From Frame-like Wavelets to Wavelet Frames keeping approximation properties and symmetry

TL;DR

This paper presents explicit methods for constructing symmetric wavelet frames with high approximation order, using lifting schemes and direct construction techniques, applicable to various symmetry groups.

Contribution

It introduces new explicit methods for constructing symmetric wavelet frames that preserve approximation order and symmetry properties, enhancing wavelet system design.

Findings

Constructed symmetric almost frame-like wavelet systems with approximation order n.

Developed a lifting scheme to convert almost frame-like wavelets into dual wavelet frames.

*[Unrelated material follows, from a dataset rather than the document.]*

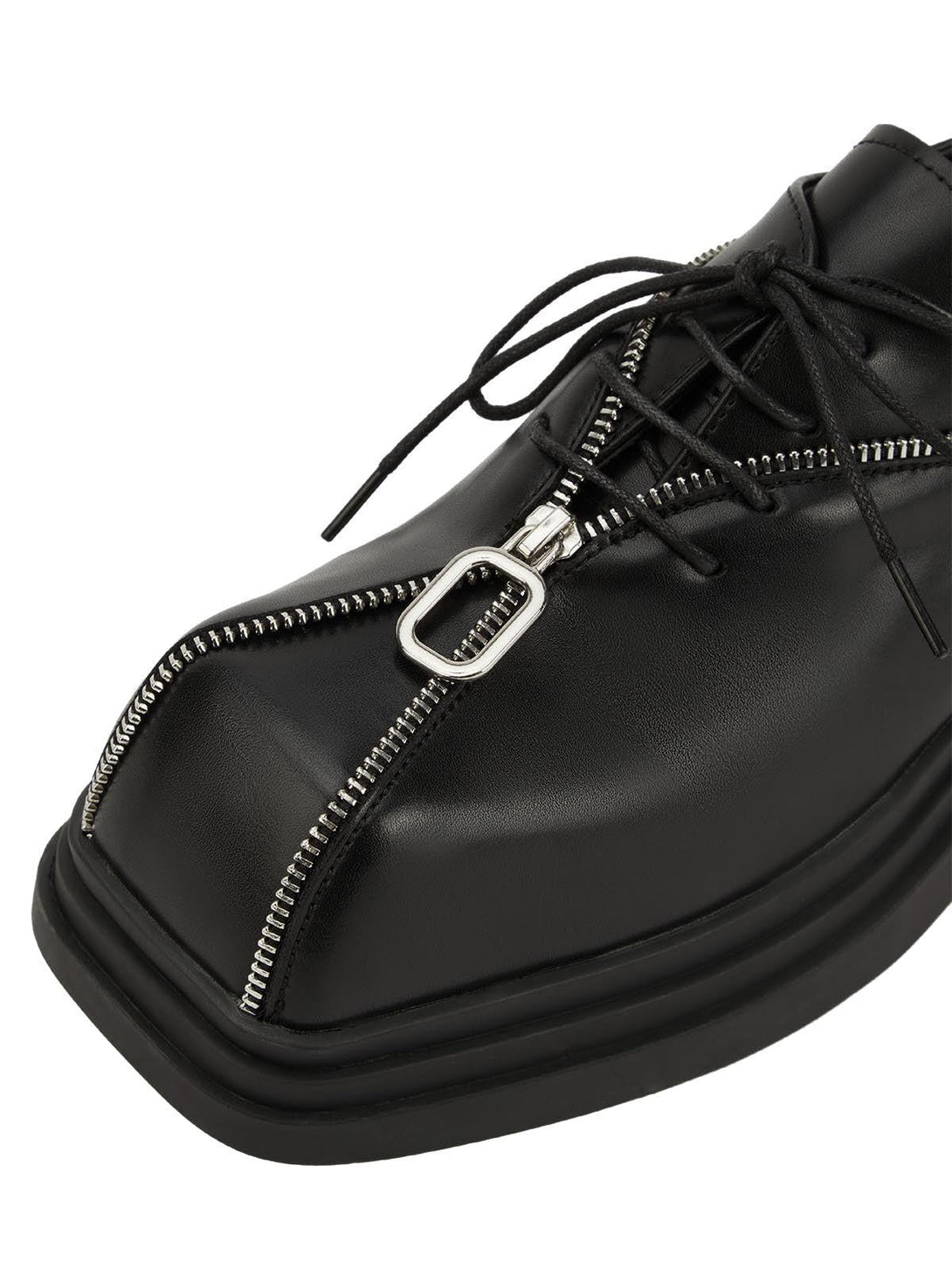 A tight crop highlighting TALISHKO's black leather shoes with a distinctive zipper design.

Provided techniques to ensure H-symmetry for wavelet functions across different methods.

Abstract

For a given symmetric refinable mask obeying the sum rule of order $n$, an explicit method is suggested for the construction of mutually symmetric almost frame-like wavelet system providing approximation order $n$. A transformation based on the lifting scheme is described that allows to improve almost frame-like wavelets to dual wavelet frames and preserve other properties. A direct method for the construction of dual wavelet frames providing approximation order $n$ and mutual symmetry properties is also discussed. For an abelian symmetry group $H$, a technique providing the $H$-symmetry property for each wavelet function is given for the above three methods.